*** Opening of Data for this task ***

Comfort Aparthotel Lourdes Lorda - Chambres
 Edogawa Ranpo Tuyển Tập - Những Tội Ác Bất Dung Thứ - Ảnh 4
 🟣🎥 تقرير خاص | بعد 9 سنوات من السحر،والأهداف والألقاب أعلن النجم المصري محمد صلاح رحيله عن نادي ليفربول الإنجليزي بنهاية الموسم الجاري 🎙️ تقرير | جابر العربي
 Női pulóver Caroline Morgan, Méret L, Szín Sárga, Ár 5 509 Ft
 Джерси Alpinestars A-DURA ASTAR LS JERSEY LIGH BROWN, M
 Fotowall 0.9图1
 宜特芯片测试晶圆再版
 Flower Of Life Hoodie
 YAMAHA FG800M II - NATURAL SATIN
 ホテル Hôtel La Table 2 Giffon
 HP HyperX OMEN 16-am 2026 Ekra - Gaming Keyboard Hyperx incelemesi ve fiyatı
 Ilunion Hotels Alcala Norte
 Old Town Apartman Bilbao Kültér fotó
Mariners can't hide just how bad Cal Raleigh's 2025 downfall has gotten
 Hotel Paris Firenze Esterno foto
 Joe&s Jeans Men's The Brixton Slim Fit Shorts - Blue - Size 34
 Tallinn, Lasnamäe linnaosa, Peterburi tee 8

*** Close of Data for this task ***

--- Goal of the exercise ---
Set down, word for word and with no other lines, the listing from the line marked by "Old Town Apartman Bilbao Kültér fotó" through its final line.

--- Problem solution ---
 Old Town Apartman Bilbao Kültér fotó
Mariners can't hide just how bad Cal Raleigh's 2025 downfall has gotten
 Hotel Paris Firenze Esterno foto
 Joe&s Jeans Men's The Brixton Slim Fit Shorts - Blue - Size 34
 Tallinn, Lasnamäe linnaosa, Peterburi tee 8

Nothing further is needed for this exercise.